TO DO »
In the data below, locate the line containing "Hyundai i30 2019 1.4 100 KM" and the line containing "Better Than Microsoft!", then retype both and everything between them exactly. Pictures are not part of the copy.

INPUT »
== == ==
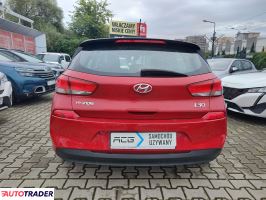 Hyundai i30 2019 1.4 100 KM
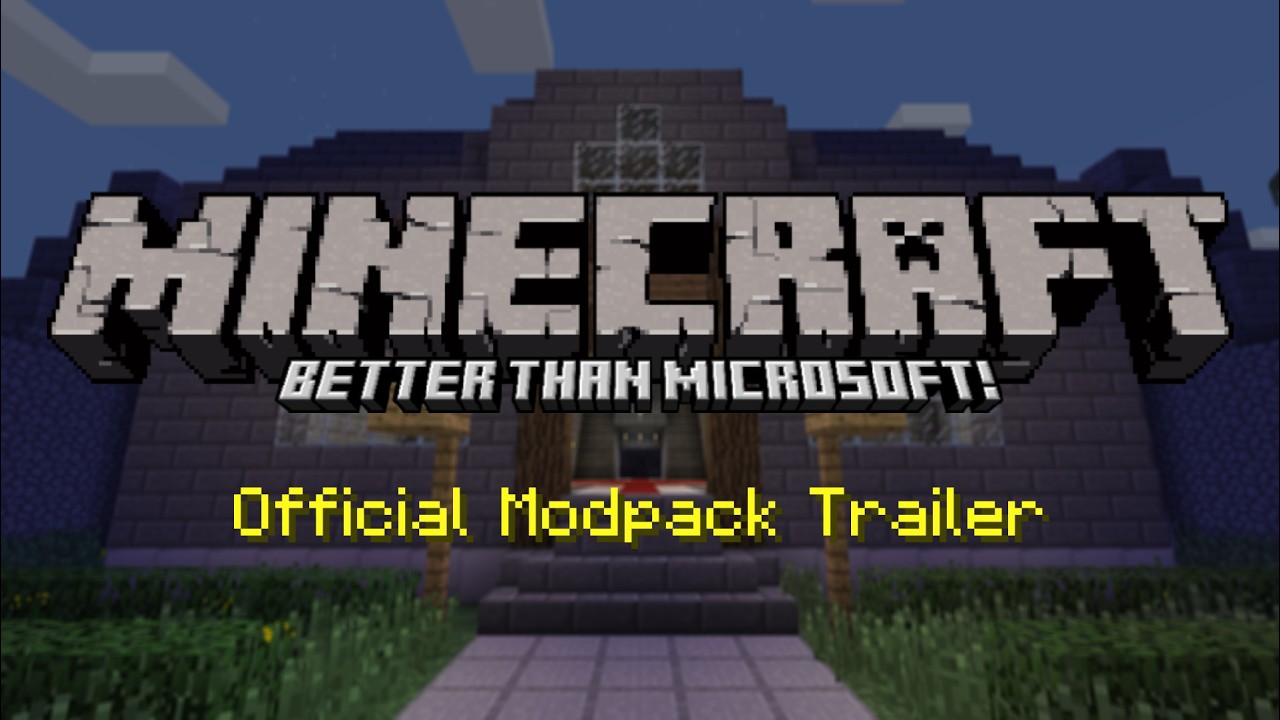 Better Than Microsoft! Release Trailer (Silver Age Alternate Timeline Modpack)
== == ==
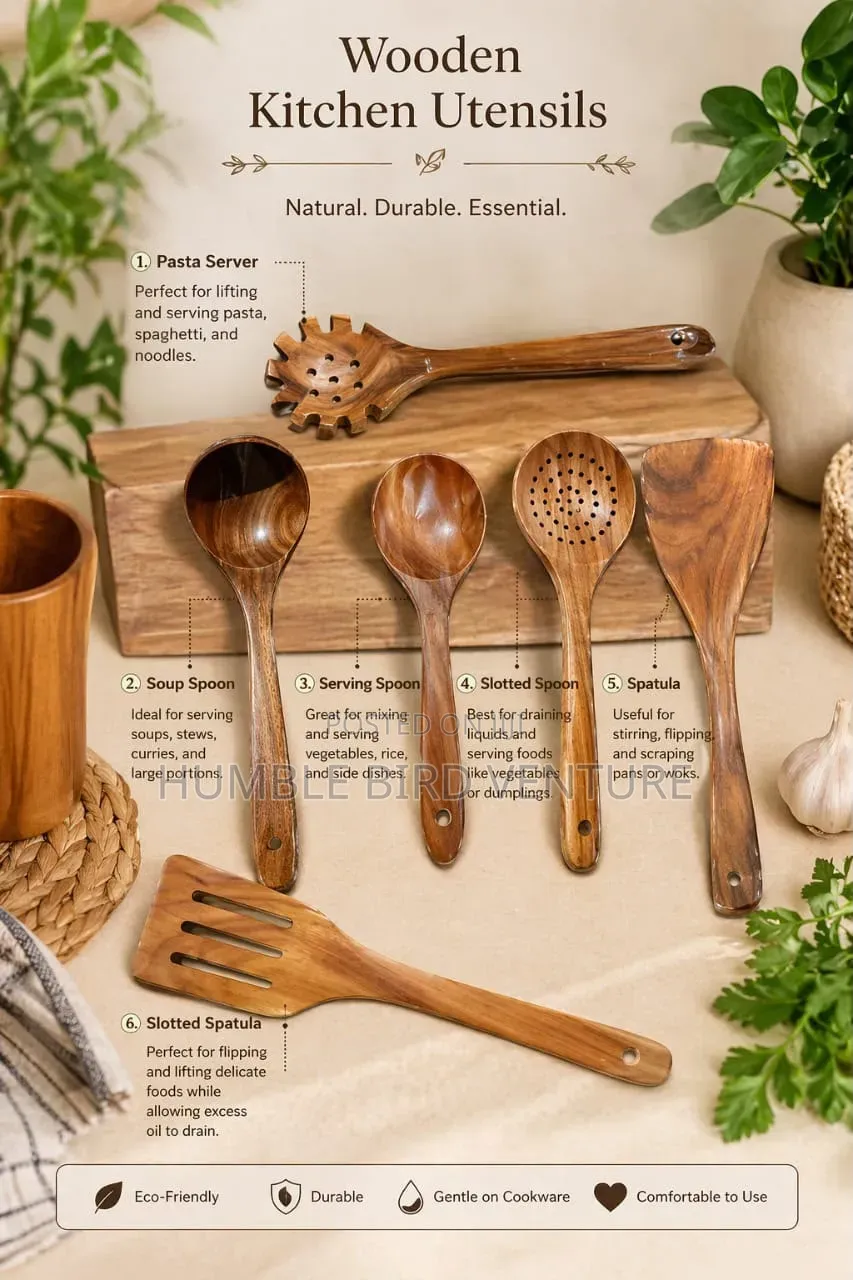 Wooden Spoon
== == ==
TASK RESULT »
 Hyundai i30 2019 1.4 100 KM
 Better Than Microsoft! Release Trailer (Silver Age Alternate Timeline Modpack)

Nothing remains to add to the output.